If we want to inspect the model statistics, the SparkML API requires us to go through this unfortunate contortion to access the clustering results:

cluster_stage = model.stages[2]

We can then compute the sum of squared distances of points to their nearest center, which is elemental to most cluster quality metrics.

metric = cluster_stage.computeCost(clustered)
print("Within set sum of squared errors: %s" % metric)
Within set sum of squared errors: 227482460729.71326

Visualize Prediction

We can recreate the tiled data structure using the metadata added by the TileExploder pipeline stage.

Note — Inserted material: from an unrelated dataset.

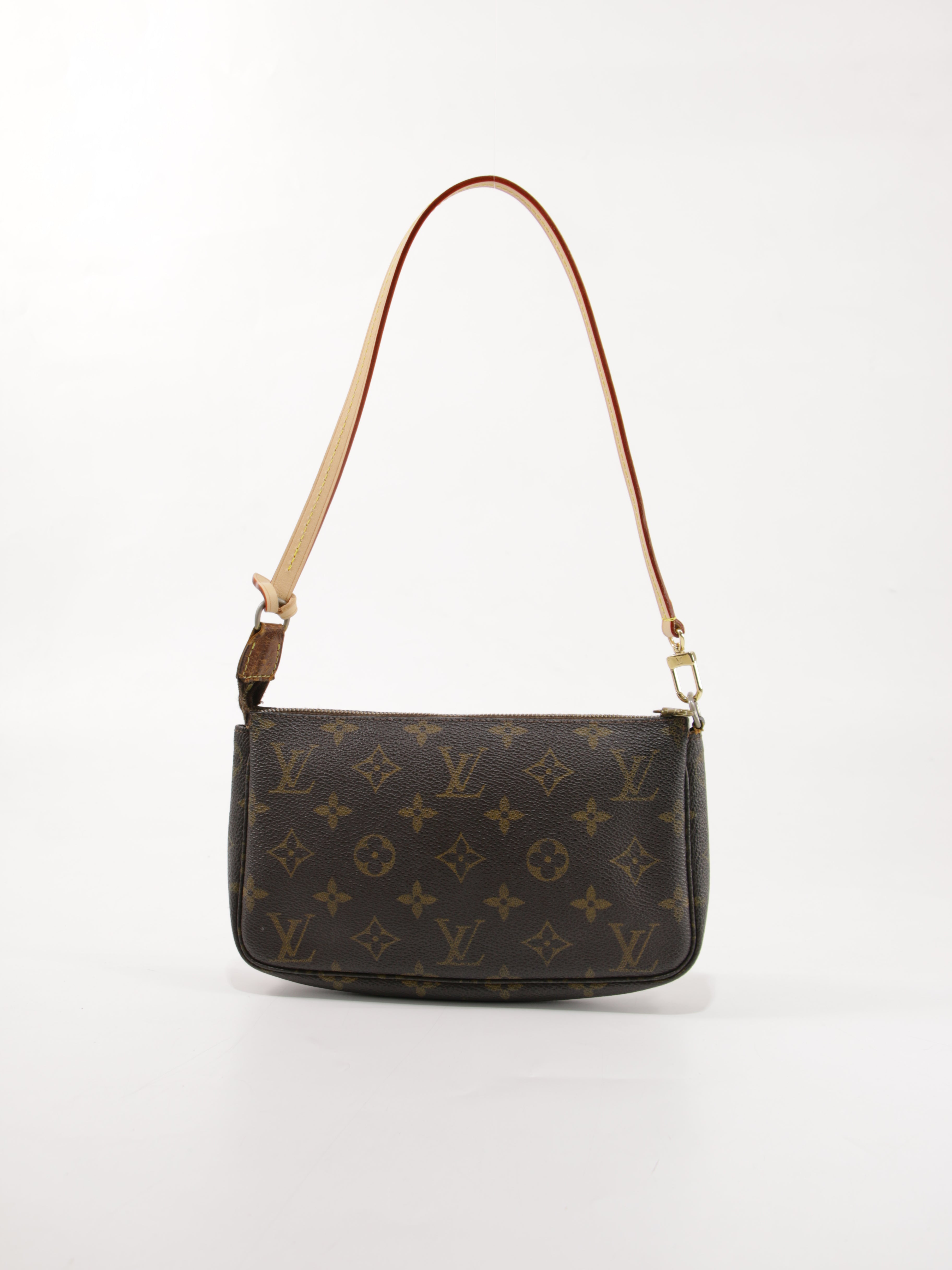 Accessories Pochette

from pyrasterframes.rf_types import CellType

tile_dims = df.select(rf_dimensions(df.b1).alias('dims')).first()['dims']
retiled = clustered.groupBy('extent', 'crs') \
    .agg(
        rf_assemble_tile('column_index', 'row_index', 'prediction',
            tile_dims['cols'], tile_dims['rows'], CellType.int8()).alias('prediction')
)

retiled.printSchema()
root
 |-- extent: struct (nullable = true)
 |    |-- crsProj4: string (nullable = false)
 |-- crs: struct (nullable = true)
 |    |-- crsProj4: string (nullable = false)
 |-- prediction: tile (nullable = true)
retiled
extent crs prediction
[+proj=utm +zone=17 +datum=WGS84 +units=m +no_defs ] [+proj=utm +zone=17 +datum=WGS84 +units=m +no_defs ]

The resulting output is shown below.

display(retiled.select('prediction').first()['prediction'])